Late interaction as middle ground: ColBERT provides a middle ground between bi-encoders and cross-encoders. It can be used as a reranker (faster than cross-encoders, more accurate than bi-encoders) or as a first-stage retriever (slower than bi-encoders, more accurate).

Common Misconceptions

"A better embedding model eliminates the need for reranking." Even the best bi-encoder embedding models benefit from cross-encoder reranking. The architectural limitation of bi-encoders (independent encoding, single-vector compression) means they will always miss some relevance signals that cross-encoders capture. The gap narrows with better embeddings but does not close.

"Reranking is too slow for production." Cross-encoder reranking of 100 documents takes 200-500ms on a single GPU. For most RAG applications, total latency is dominated by the LLM generation step (1-5 seconds), so the reranking overhead is minor. For extremely latency-sensitive applications, ColBERT-style rerankers or distilled models can reduce reranking to under 100ms.

"GPT-4 is the best reranker." GPT-4 is surprisingly effective at reranking (RankGPT), but purpose-trained cross-encoders are 100-1000x faster and often achieve comparable accuracy. LLM-based reranking is best reserved for offline evaluation or very high-value, low-volume scenarios.

"Cross-encoders can replace bi-encoders entirely." Cross-encoders cannot perform first-stage retrieval because they require processing every (query, document) pair. With a million documents, this means a million transformer forward passes per query. The two-stage architecture exists precisely because cross-encoders are too slow for full-corpus retrieval.

"Reranking just reorders the same results." Reranking can dramatically change the ranking order. A document at position 50 in the first-stage retrieval might move to position 1 after reranking, and a document at position 1 might drop to position 30. The reranker's cross-attention reveals relevance signals that the first-stage retriever missed entirely.

"All cross-encoder rerankers are the same." Reranker quality varies significantly based on the base model, training data, and training methodology. On the MTEB reranking leaderboard, there is a 10+ point gap between the best and worst cross-encoder models. Model choice matters.

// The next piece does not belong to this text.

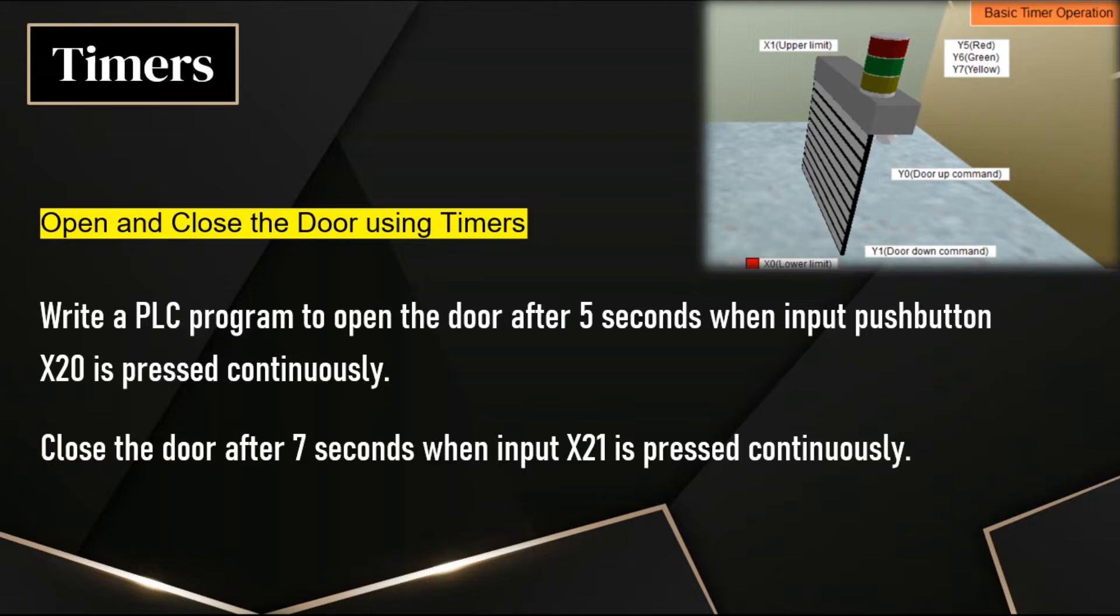We have another input, X21. If this input is pressed continuously, then the door has to close after 7 seconds. We will do this using on delay timer.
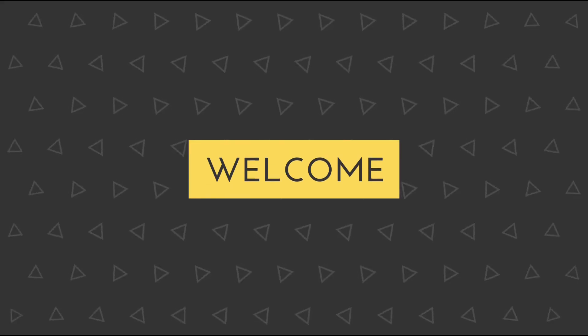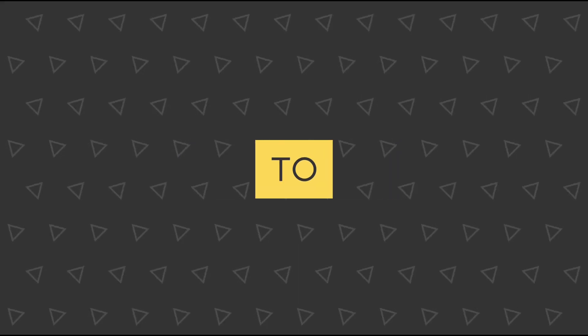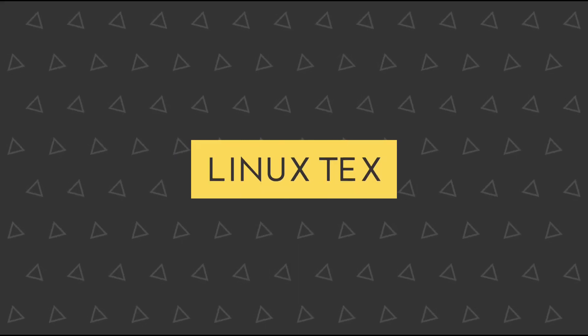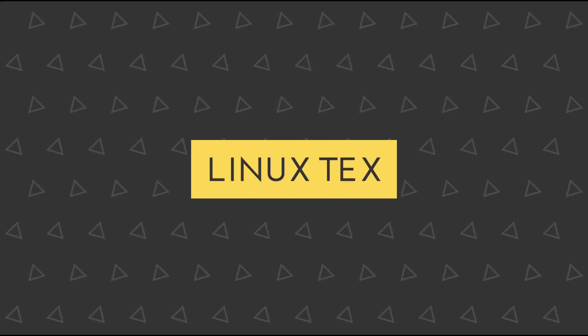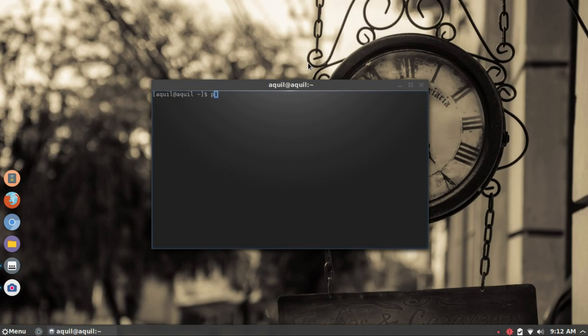Hey what's up guys. Welcome to Linux Tex. In this quick video, we'll be seeing how to apply your favorite Pokemon theme to the terminal.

Connections to Other Concepts

rag.md: Reranking is a critical component of production RAG pipelines, improving the precision of retrieved documents before they are passed to the LLM for generation.
embedding-models-and-vector-databases.md: Bi-encoders (embedding models) handle first-stage retrieval; cross-encoders (rerankers) handle second-stage refinement. They are complementary, not competing.
colbert-late-interaction.md: ColBERT provides a middle-ground architecture between bi-encoders and cross-encoders, usable as either a retriever or a reranker.
corrective-rag.md: CRAG's relevance evaluation step can use a cross-encoder reranker as the relevance scorer, applying a threshold to determine whether retrieved documents are "correct," "incorrect," or "ambiguous."
agentic-rag.md: Agentic systems can dynamically decide whether to apply reranking based on first-stage retrieval confidence, saving latency when retrieval is already high-quality.
hyde-hypothetical-document-embeddings.md: HyDE improves first-stage recall (the relevant documents appear somewhere in the candidate set). Reranking improves precision (the relevant documents are at the top). They are complementary: HyDE + reranking is a powerful combination.